The man behind a failed business rates scheme that cost retailers thousands of pounds has been exposed by sources close to him.

Self-described ‘Lord’ Ali Khalil Abadi has breached a director’s disqualification order, according to sources, by being involved in the running of Atrium Investment Group (AIG), that targeted small businesses, including newsagents, in an alleged scam.

Under the arrangement, small businesses paid AIG – operating as Brookland Trading – £300 after being promised that they could appeal their business rates. 

However, in many instances, Brookland Trading failed to turn up to the appeal and refused to answer calls. Later, after the small businesses received rates relief from their local council, Brookland Trading demanded 25% of the savings for three years, often many thousands of pounds.
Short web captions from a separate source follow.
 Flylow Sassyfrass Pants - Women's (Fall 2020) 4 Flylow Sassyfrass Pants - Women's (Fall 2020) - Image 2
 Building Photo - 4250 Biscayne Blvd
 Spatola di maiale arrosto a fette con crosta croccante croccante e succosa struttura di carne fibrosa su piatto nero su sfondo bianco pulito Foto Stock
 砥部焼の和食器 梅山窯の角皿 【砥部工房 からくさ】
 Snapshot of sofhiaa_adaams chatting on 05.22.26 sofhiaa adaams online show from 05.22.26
The council’s decisions to hand out rates relief were unrelated to Brookland Trading. 

Describing the company, one former employee claimed: “They are simply con artists and should be closed down.”

Harry Singh Rai, owner of K&H News in Manchester, paid £900 to Brookland Trading. Despite not submitting evidence to the appeal, turning up to the appeal or answering Singh Rai’s calls, Brookland Trading invoiced the store owner for a further £900, before threatening legal action after he refused to pay.
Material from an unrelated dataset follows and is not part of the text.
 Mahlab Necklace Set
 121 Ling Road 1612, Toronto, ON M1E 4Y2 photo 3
Les Gilbert, from Chard Newsagents in Somerset, began warning others about Brookland Trading in July 2016 and has said he saved several retailers from being caught out by the company. 

“Brookland Trading were calling four-to-five times an hour at one point, that’s when I knew something wasn’t right. I published a blog about them and I’ve since had people call me asking for information, and others calling to say they had already been scammed,” he told Retail Express.

Abadi, now aged 33, was disqualified from acting as a director of a company for 10 years in 2011 for malpractice due to his involvement in 123 Finance and 3 Step Finance, a debt consolidation firm that was found to have misled customers before using company funds to pay off personal debts. 

However, in November 2016, Abadi’s partner, Mollie Stewart-Dodd, now aged 23, set up AIG. Despite it being Mollie’s name on the paperwork, one source told Retail Express that Abadi was “the one pulling the strings”. An ex-employee added: “There is no doubt that Ali Abadi was the head honcho.”    

By being involved in the management of the company, it seems Abadi may have breached his director’s disqualification order, which is a criminal offence and can lead to imprisonment for up to two years. 

Retail Express understands that he has been reported to the Serious Fraud Office, and that at least one former customer is beginning civil proceedings against the business.

When asked to comment, ‘Lord’ Ali Khalil Abadi denied any involvement in Brookland Trading.

Gilbert warned retailers to “never say ‘yes’ over the phone, get details of agreements in writing and know that anyone can appeal their rates without using an agency.”